10.A formula to predict the resting energy expenditure of hospitalized older adults: a consistency study between the indirect calorimetry measurement and 13 formulas
Ruiying ZHANG ; Yanyan ZHAO ; Chenchen NI ; Ping HOU ; Lili FAN ; Ming DONG ; Li ZHANG ; Chunmei ZHAO ; Cong WU ; Qi ZHOU ; Wenbin WU
Chinese Journal of Geriatrics 2024;43(12):1581-1586
Objective:To investigate the accuracy of resting energy expenditure(REE)prediction formulas and to develop a new REE prediction formula suitable for hospitalized older adults.Methods:Older adults hospitalized in the Department of Geriatrics from October 1, 2022, to November 31, 2022, were included in the study.The predicted values of REE(pREE)were estimated using 13 commonly employed formulas that incorporate parameters related to resting energy expenditure, such as gender, age, body mass index(BMI), and body weight.Indirect calorimetry measurements(mREE)served as the gold standard for comparison.Group differences between pREE and mREE, the coefficient of concordance( ICC), and accuracy(defined as±10% of the mREE values)were utilized to evaluate the performance of the formulas.The ten-fold cross-validation method was employed to identify valid variables and to construct a new prediction formula.The performance of this new formula was compared to mREE, the Harris-Benedict formula, the European Society of Clinical Nutrition and Metabolism(ESPEN)formula, and the Chinese Society of Clinical Nutrition and Metabolism(CSPEN)formula.
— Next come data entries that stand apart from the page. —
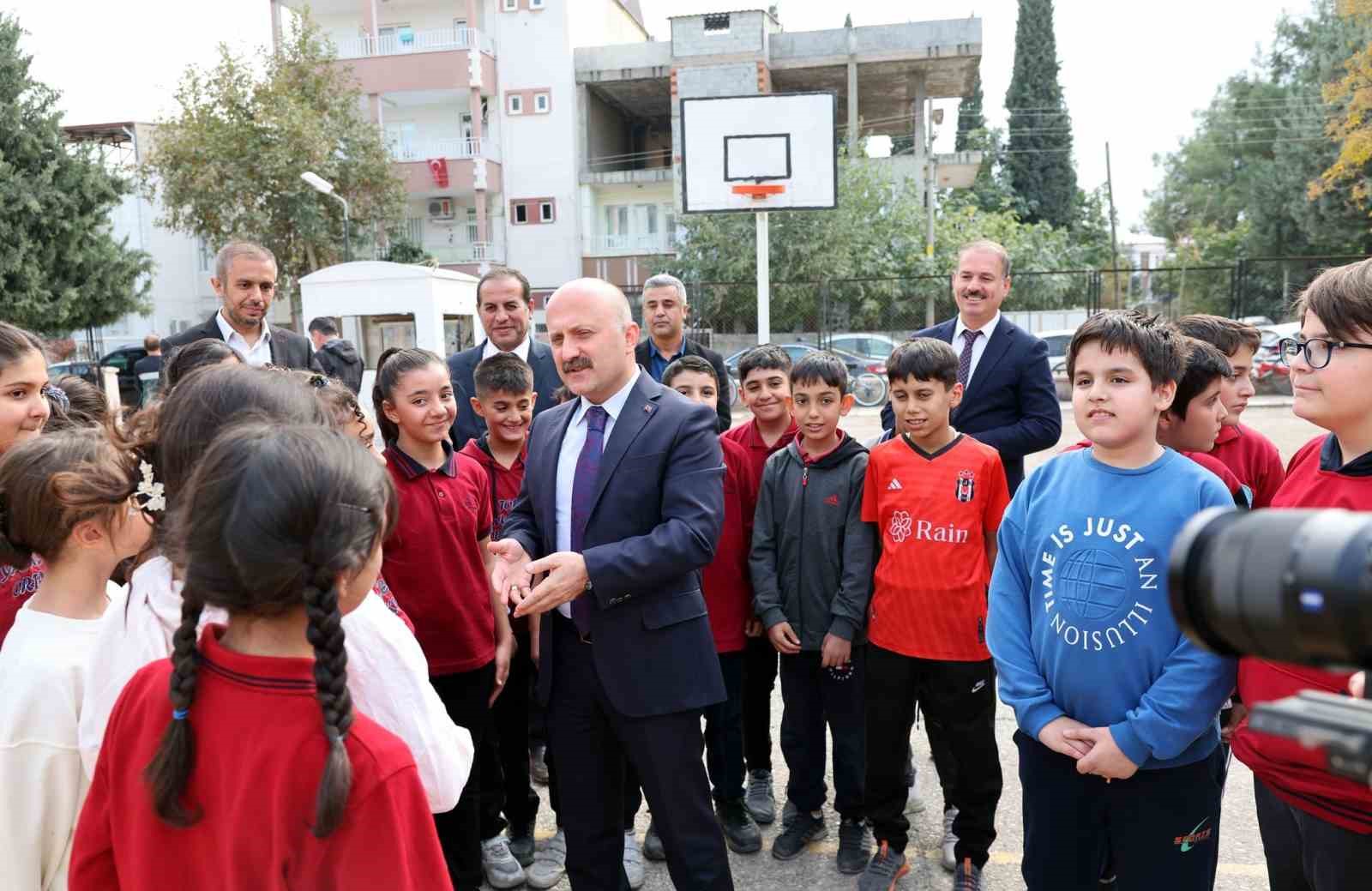 Vali Varol, öğretmen ve öğrencilerle bir araya geldi
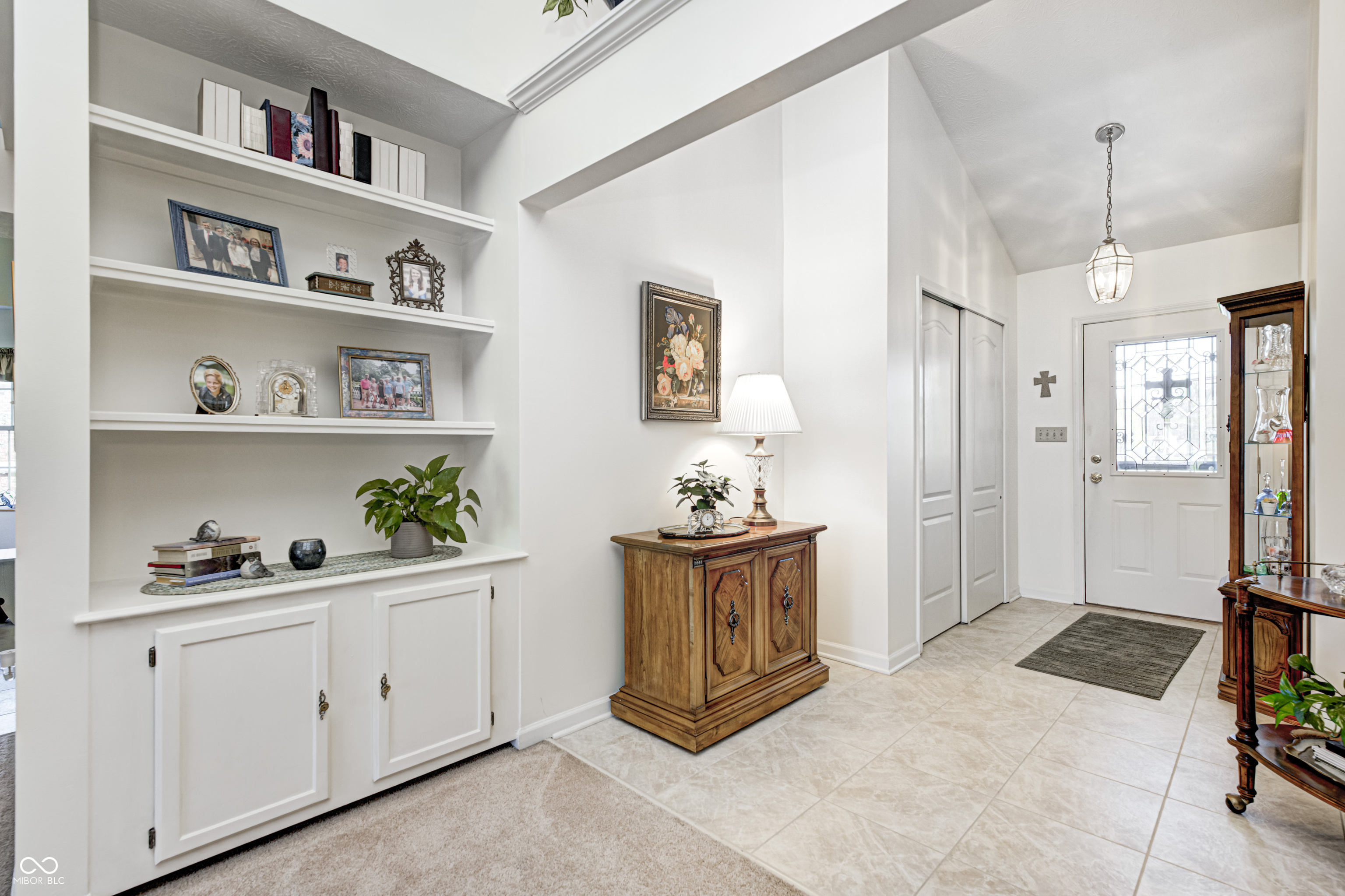 7114 Hickory Road Indianapolis, IN 46259 - Photo 3 of 39 Gallery Image 3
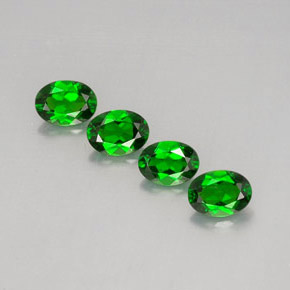 Achetez naturel ct Vert Diopside Chrome gems, Coupe ovale, En provenance Russie chez GemSelect. En stock, livraison internationale!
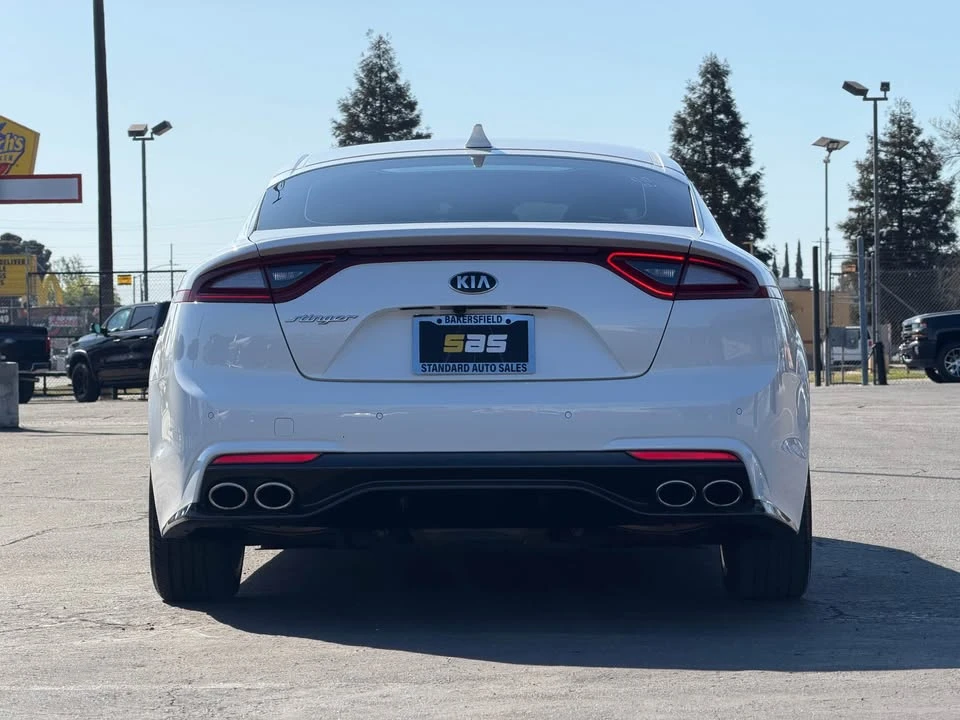 2019 Kia Stinger - Image 7 of 20
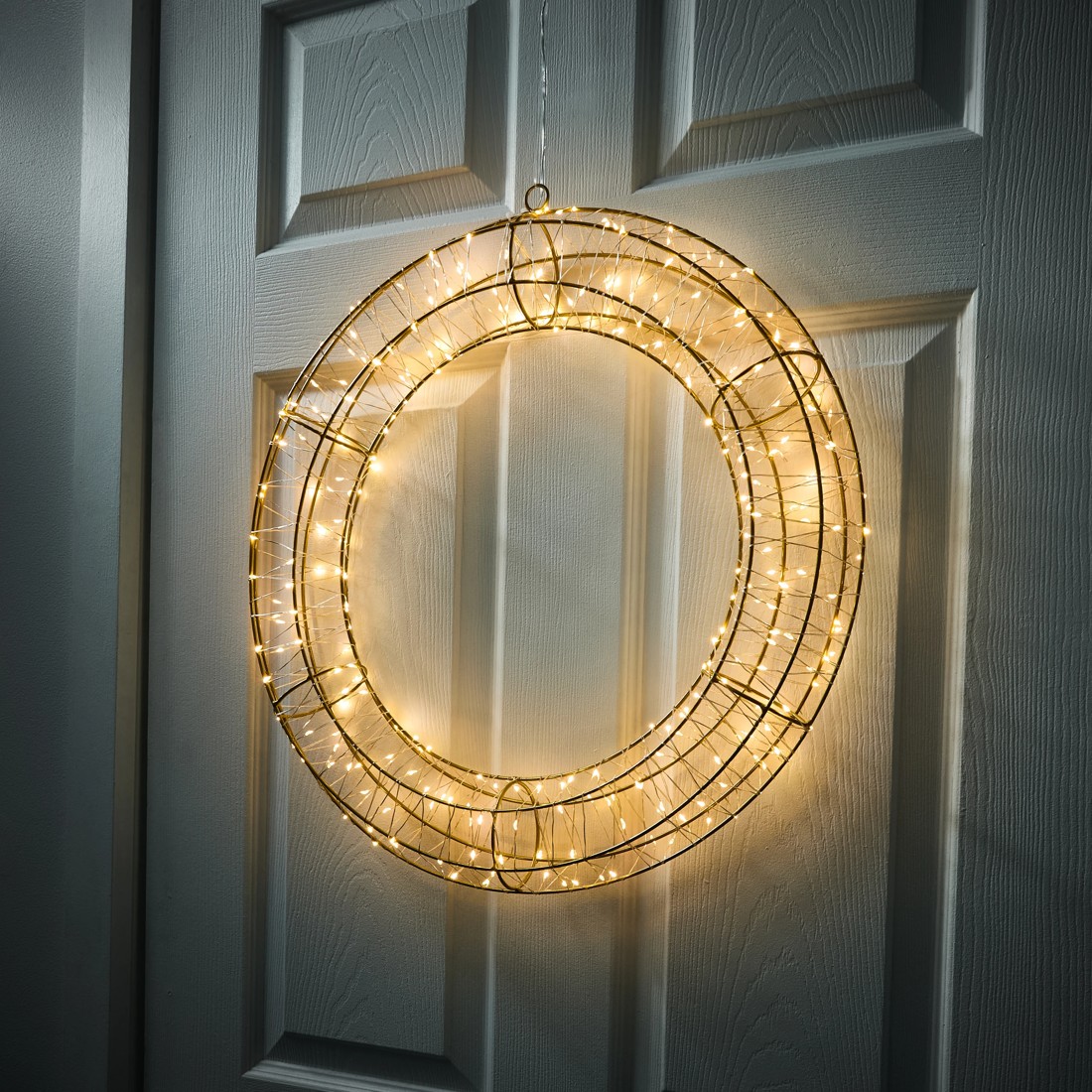 1 Low Voltage LED Light Up Wire Wreath, 1 of 8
Results:A total of 223 hospitalized participants aged 60 to 98 years(mean age 79.5±8.2 years)were included in the study.Among these participants, 49.3%(110 cases)were male, and the prevalence of frailty was approximately 84.3%(188 cases).The median difference between pREE and mREE ranged from 9.1 to 232.1 kcal/d.The predictions from the Harris-Benedict, ESPEN, and CSPEN equations differed significantly from mREE(all P<0.05), with respective accuracies of 30.9%, 31.4%, and 24.7%.A new equation was developed: pREE=794.847+ 8.661×body weight -7.976 × age+ 14.757 ×grip strength+ 5.037 × heart rate, with an ICC of 0.6(95% CI: 0.5-0.7), and the accuracy reached 56.3%. Conclusions:Existing equations demonstrate low accuracy in predicting REE among hospitalized older adults.The newly developed equation shows improved performance compared to previous models and can serve as a reference method for predicting REE in this demographic.